■ Records to use:
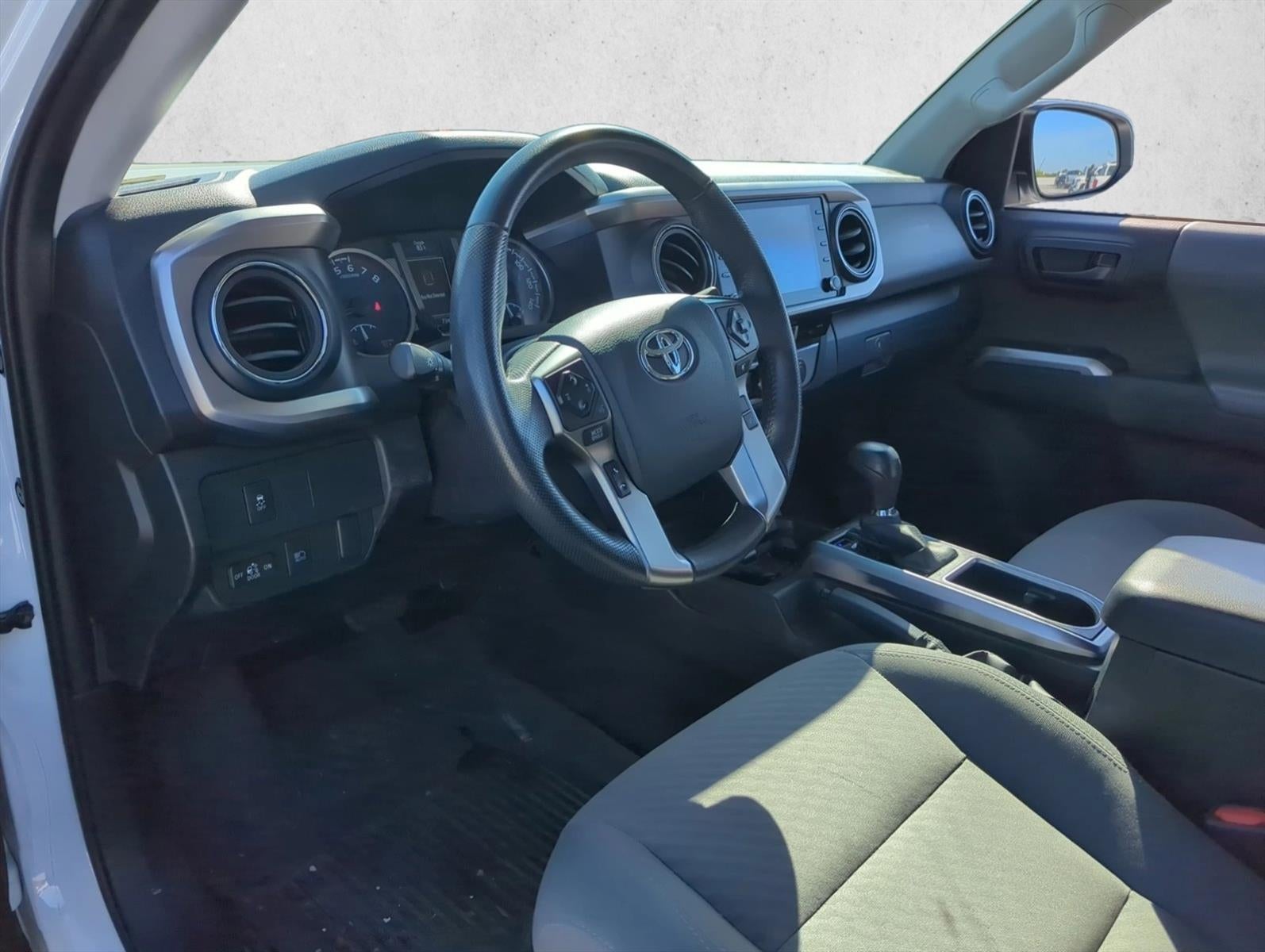 2023 Toyota Tacoma 4WD 4WD SR5 Double Cab 5' Bed V6 AT (GS)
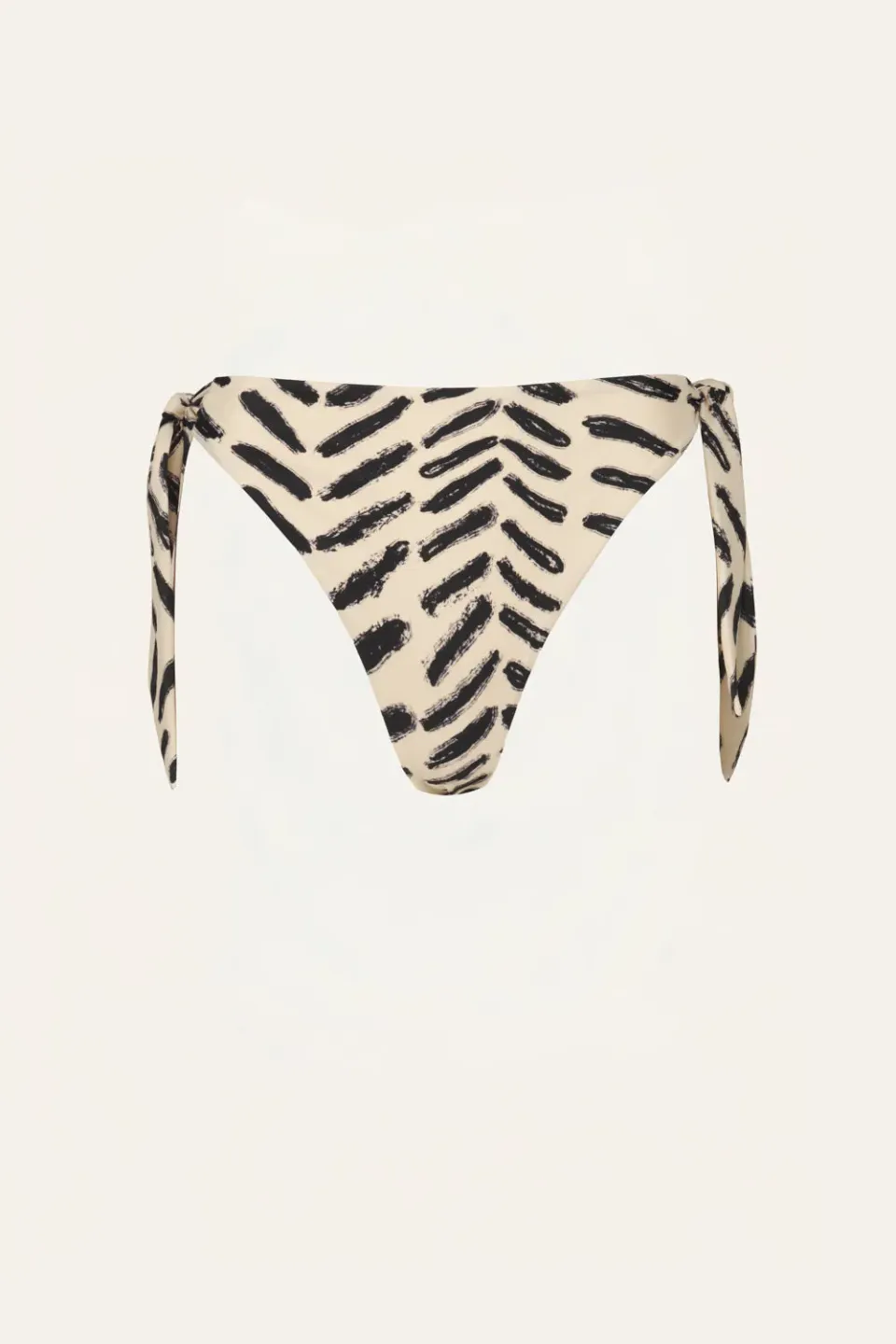 Johanna Ortiz Vintage Existentialism slip bikini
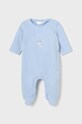 Mayoral Newborn komplet niemowlęcy 1723.1B.Newborn.PPYH niebieski SS24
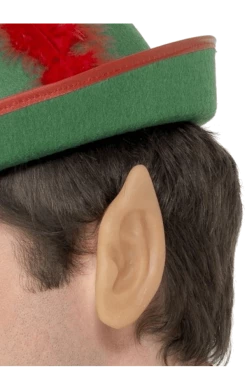 Smiffys All Themes Soft Vinyl Pointed Elf Ears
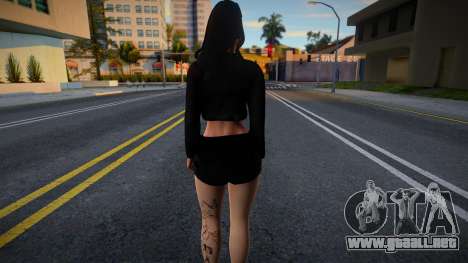 Skin Random 110 para GTA San Andreas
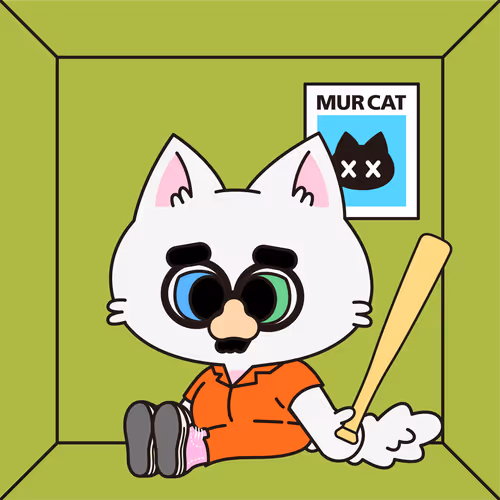 MurMur Cat #745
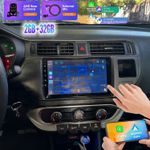 9'' Apple CarPlay Auto 2+64GB Head Unit Car radio GPS For Kia Rio 2012-2014 UB
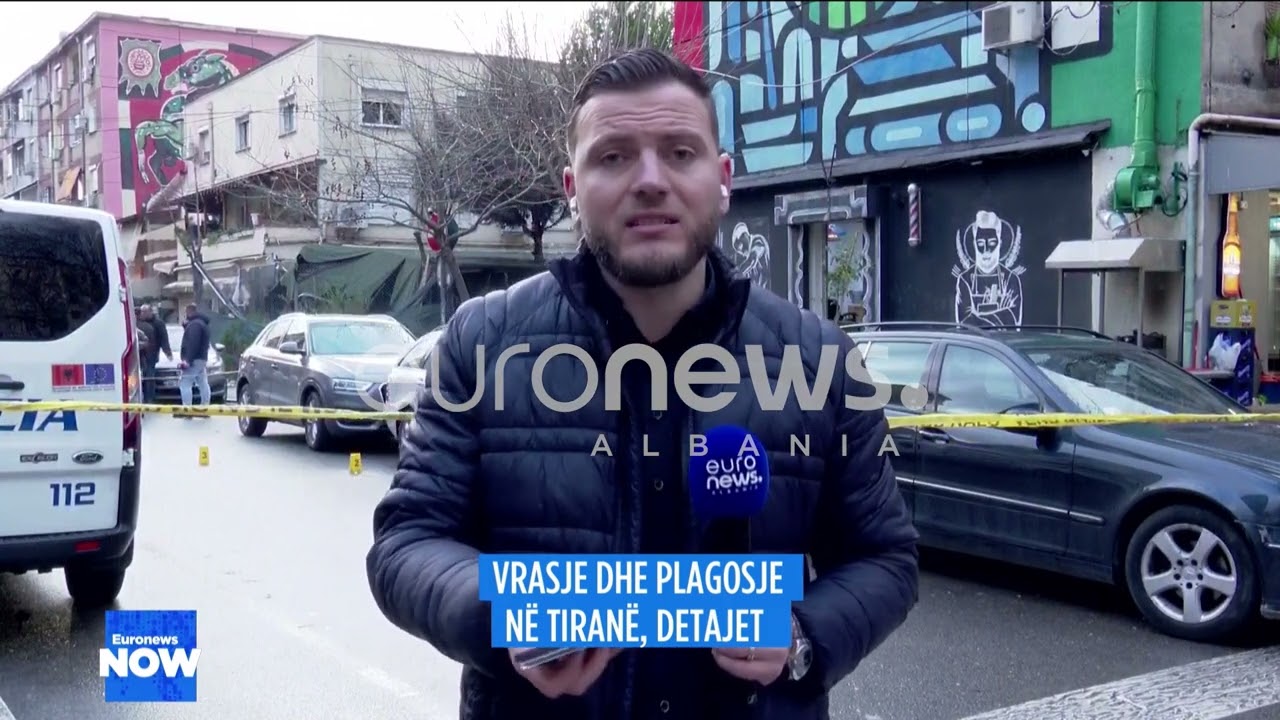 Debatoi me dikë në një makinë, pastaj ai doli dhe e qëlloi! Gazetari: Si e vranë Egli Pashollarin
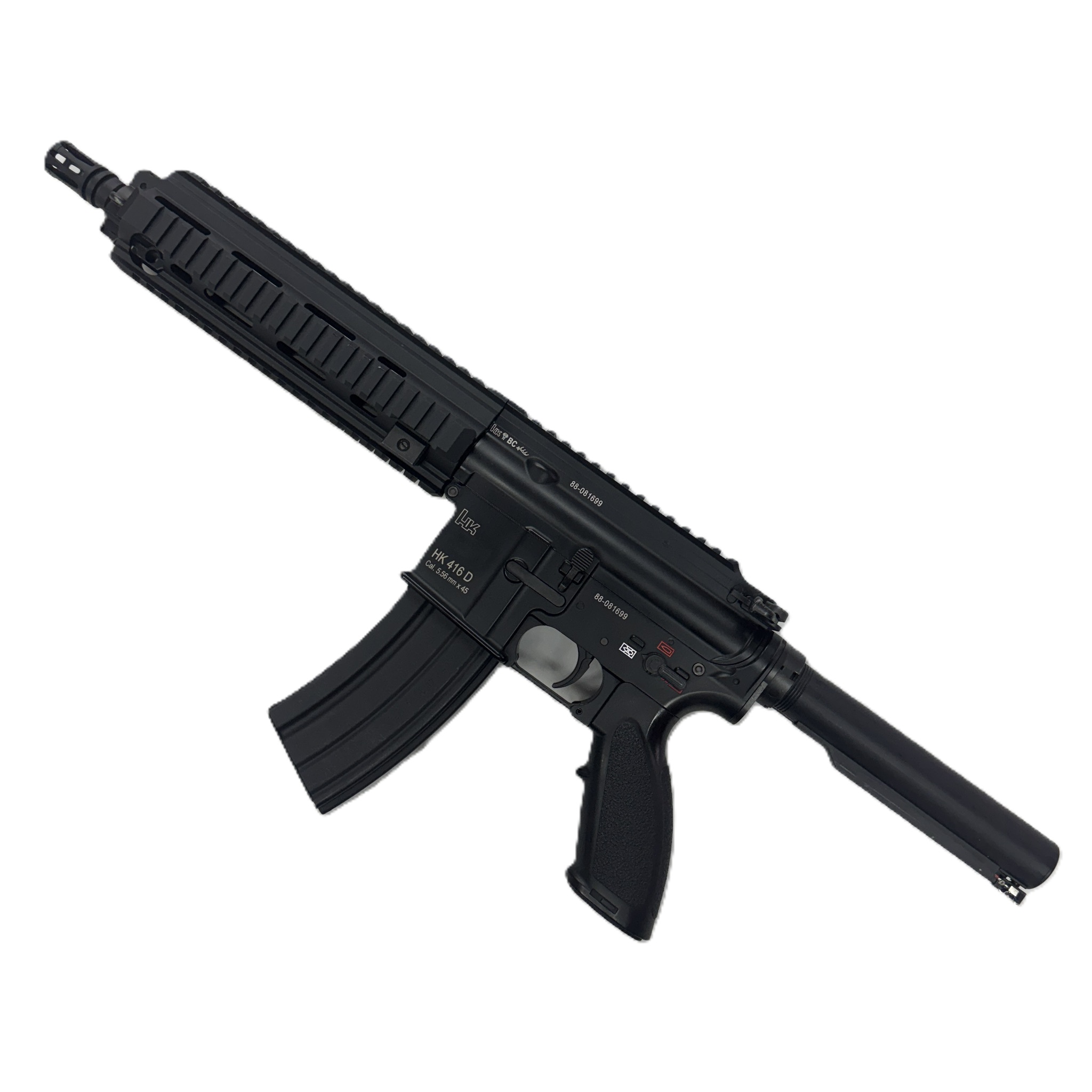 東京マルイ　次世代電動ガン HK416D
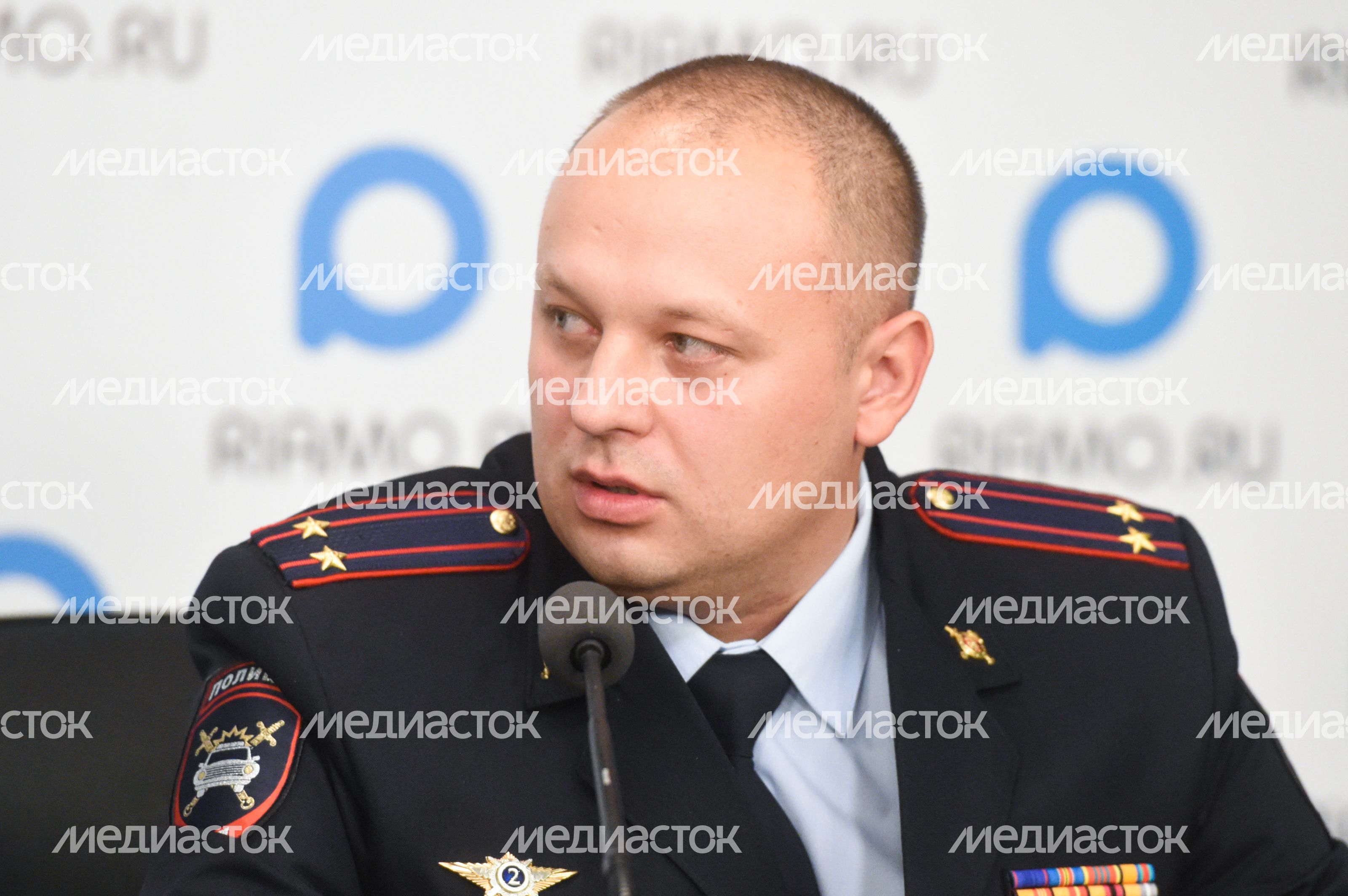 Пресс-конференция на тему: «Обеспечение общественной безопасности в период подготовки и проведения новогодних и религиозных праздников»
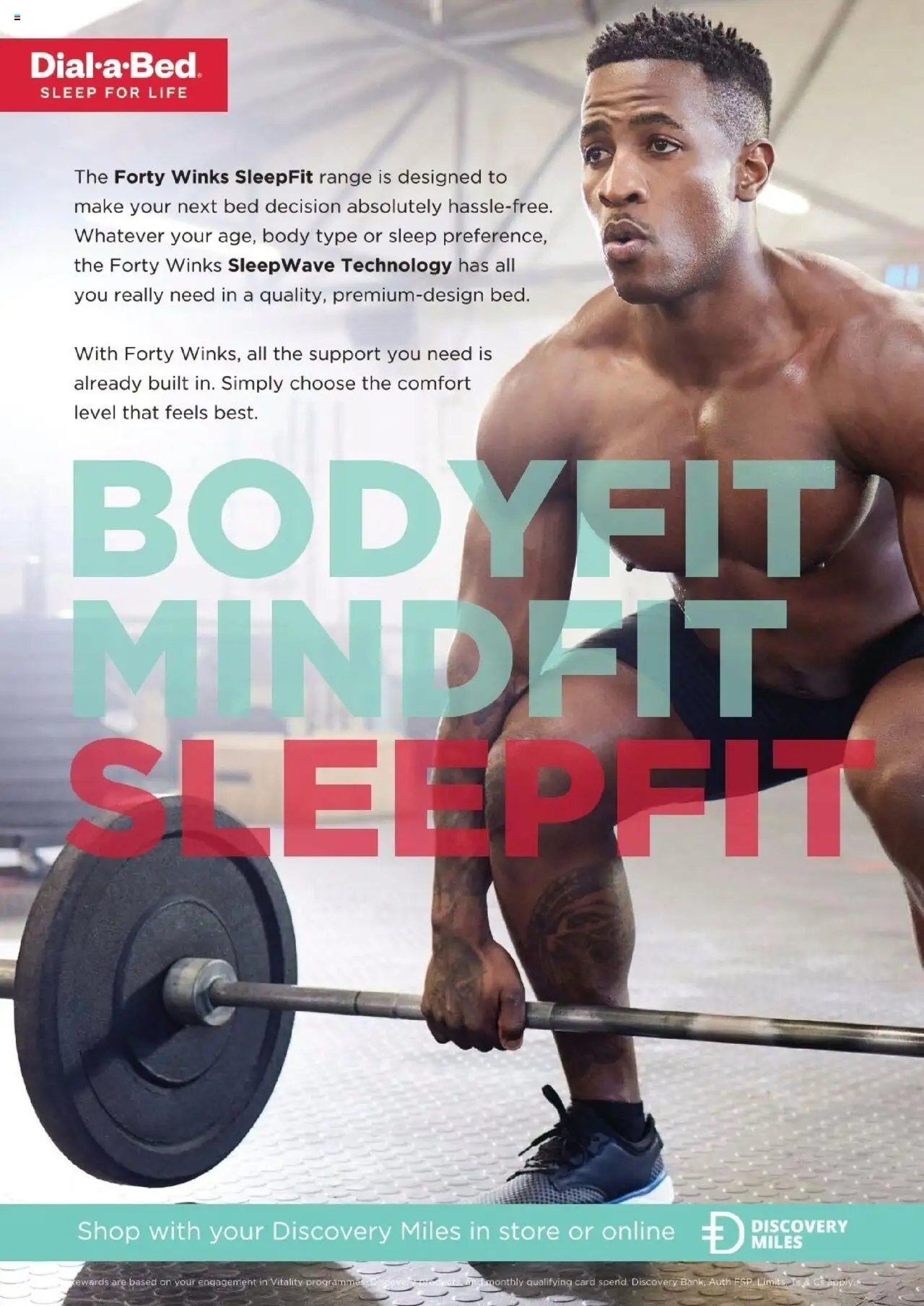 Dial-a-Bed - Forty Winks Up To 30% Off Catalogue (2025-08-25 - 2025-09-07) | 10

■ Task: Give back the material above word for word; no picture belongs in it.

■ Solution:
 2023 Toyota Tacoma 4WD 4WD SR5 Double Cab 5' Bed V6 AT (GS)
 Johanna Ortiz Vintage Existentialism slip bikini
 Mayoral Newborn komplet niemowlęcy 1723.1B.Newborn.PPYH niebieski SS24
 Smiffys All Themes Soft Vinyl Pointed Elf Ears
 Skin Random 110 para GTA San Andreas
 MurMur Cat #745
 9'' Apple CarPlay Auto 2+64GB Head Unit Car radio GPS For Kia Rio 2012-2014 UB
 Debatoi me dikë në një makinë, pastaj ai doli dhe e qëlloi! Gazetari: Si e vranë Egli Pashollarin
 東京マルイ　次世代電動ガン HK416D
 Пресс-конференция на тему: «Обеспечение общественной безопасности в период подготовки и проведения новогодних и религиозных праздников»
 Dial-a-Bed - Forty Winks Up To 30% Off Catalogue (2025-08-25 - 2025-09-07) | 10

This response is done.